Michael Morpurgo’s Private Peaceful at Richmond Theatre

June 21, 2022 Last updated: June 21, 2022 12:50 pm By Alan Franks Leave a Comment

This tour of the play based on Michael Morpurgo’s 2003 novel for older children has an awful timeliness about it, given the present war in Europe and its enduring images of destruction. Like his earlier story War Horse, which won global fame on the back of the National Theatre’s 2007 production, it focuses on the lives, and deaths, of individuals caught up in the war which was allegedly the one to end all others. This it does with a documentary focus that is both merciless and compassionate.

Daniel Rainford & Emma Manton in Private Peaceful - Feb 2022 © Nottingham Playhouse (Photo Manuel Harlan)
Daniel Rainford & Emma Manton in Private Peaceful – Feb 2022 © Nottingham Playhouse (Photo Manuel Harlan)

Here we have a young conscript by the name of Thomas Peaceful – Tommo to his friends – who finds himself in the unspeakable mud and carnage of the French trenches. As with the book, this location alternates with that of the rural life from which he has been plucked in an England which, for all its tensions, still had a tranquility worthy of his surname. Yet there were also the anxieties of adolescence; a love rivalry with his brother Charlie over a girl called Molly. Tommo’s grief when Charlie and she have a shotgun wedding is a painful reminder that all is in fact far from fair in love, just as it is in war.
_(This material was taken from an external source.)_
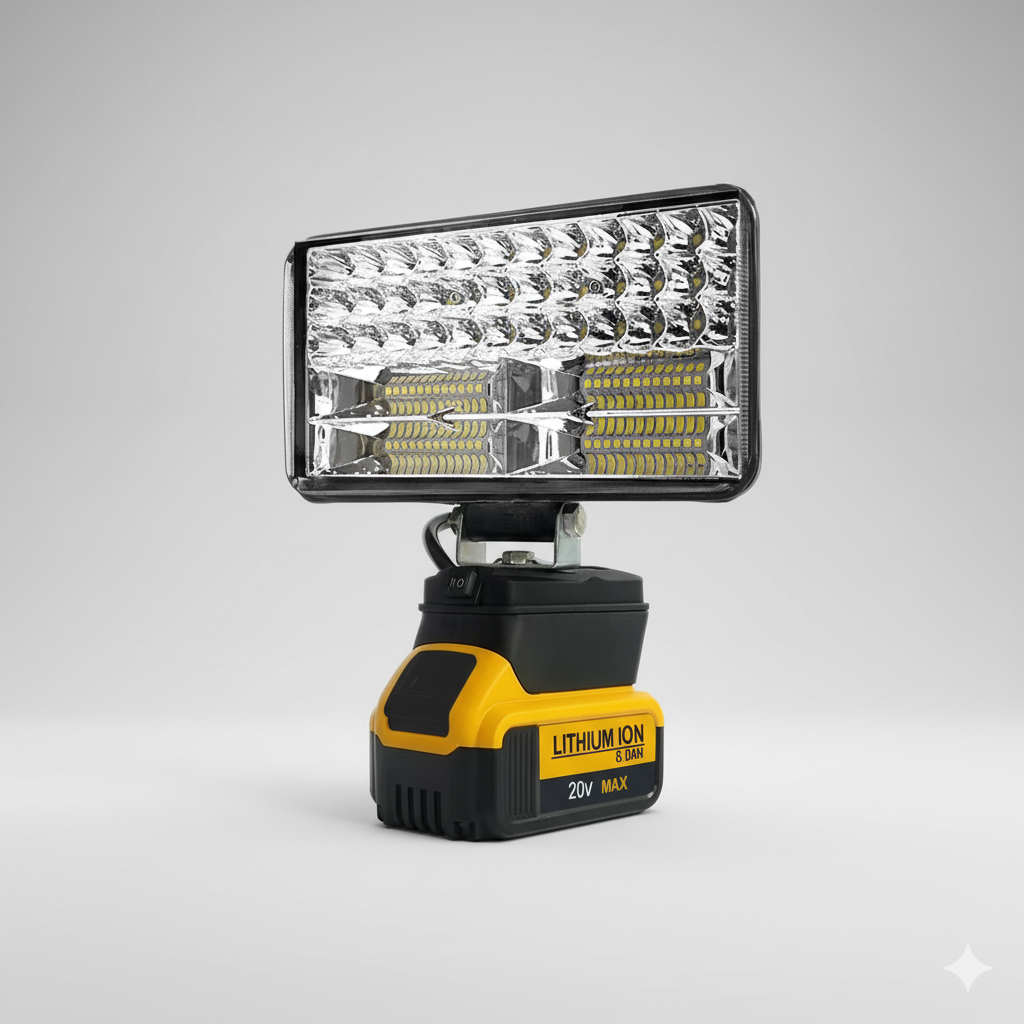 Black Friday Dewalt DIY Kit Pro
There is of course an earlier precedent for First War stage drama in Joan Littlewood’s 1963 production of Oh What A Lovely War. Although that show famously recruited elements of Music Hall to lampoon the absurdities of industrialised murder, this adaptation of Morpurgo’s book by Simon Reade is not so far removed in its combined echoes of oral history and radical political theatre.
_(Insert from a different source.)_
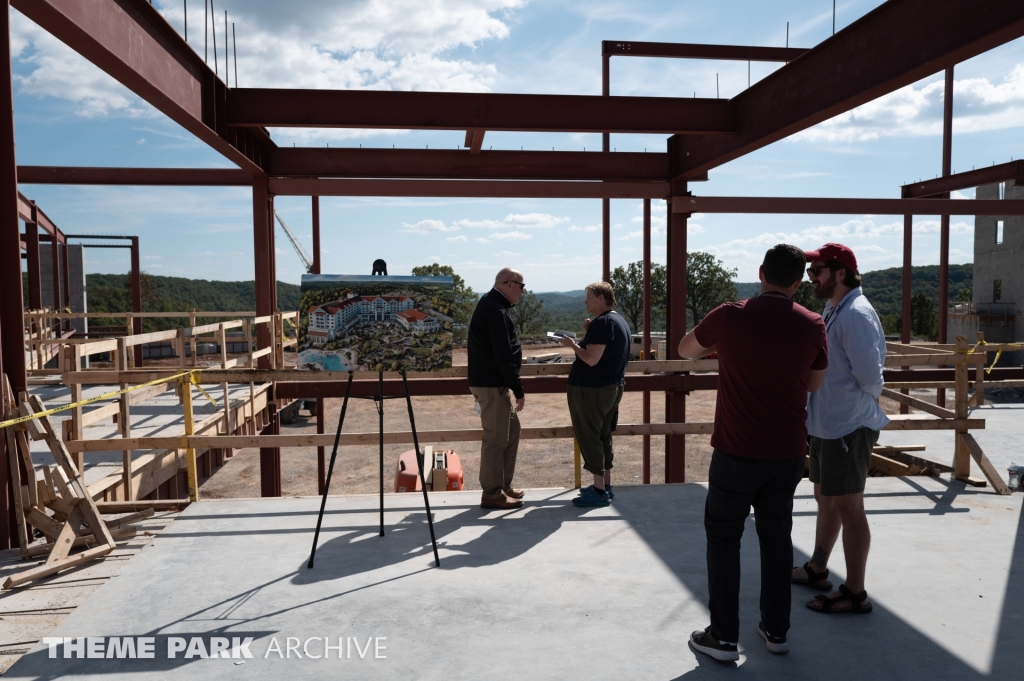 Silver Dollar City Resort at Silver Dollar City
Just as military technology has made terrifying strides since those times, so too have the resources of live theatre. One result is that the explosions are so blinding and the tremors so earth-shaking that they surely scatter the birds from the trees on the green outside the theatre.
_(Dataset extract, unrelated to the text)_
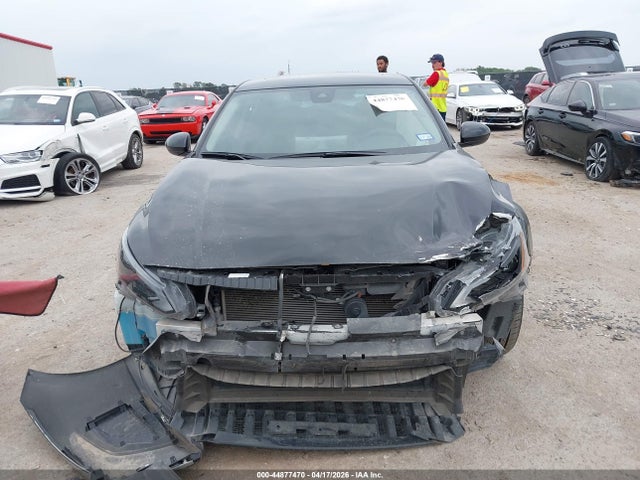 2024 Nissan Altima Sv Fwd მანქანა იყიდება აუქციონზე, vin: 1N4BL4DV8RN341813, აუქციონის ნომერი: 44877470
On the evening I went, there was a strong contingent of early teens and younger, all unflinchingly rapt by the world falling apart before their eyes. None looked remotely fazed, at least not until the moment when Charlie must face the firing squad for having disobeyed orders by remaining at his stricken brother’s side.

Director Elle While has conscripted a fine troop, with Daniel Boyd and Daniel Rainford outstanding as the brothers Charlie and Tommo. John Dougall and Emma Manton mentioned in dispatches for multi-tasking manoeuvres involving a total of seventeen characters. A properly challenging night in the theatre of operations. History snapping at our heels.

4 stars

Review by Alan Franks

Simon Reade’s adaptation of Michael Morpurgo’s classic story PRIVATE PEACEFUL comes to Richmond Theatre this June to coincide with Armed Forces Week – a week created to celebrate the people and work of the UK Armed Forces which culminates in Armed Forces Day on Saturday 25 June. Richmond Theatre has partnered with Richmond-based national charity The Poppy Factory who produce remembrance products and support veterans with health conditions on their journey into employment. Due to the close connection between the charity and the themes of PRIVATE PEACEFUL, there will be a charitable bucket collection for audiences at the end of the performance.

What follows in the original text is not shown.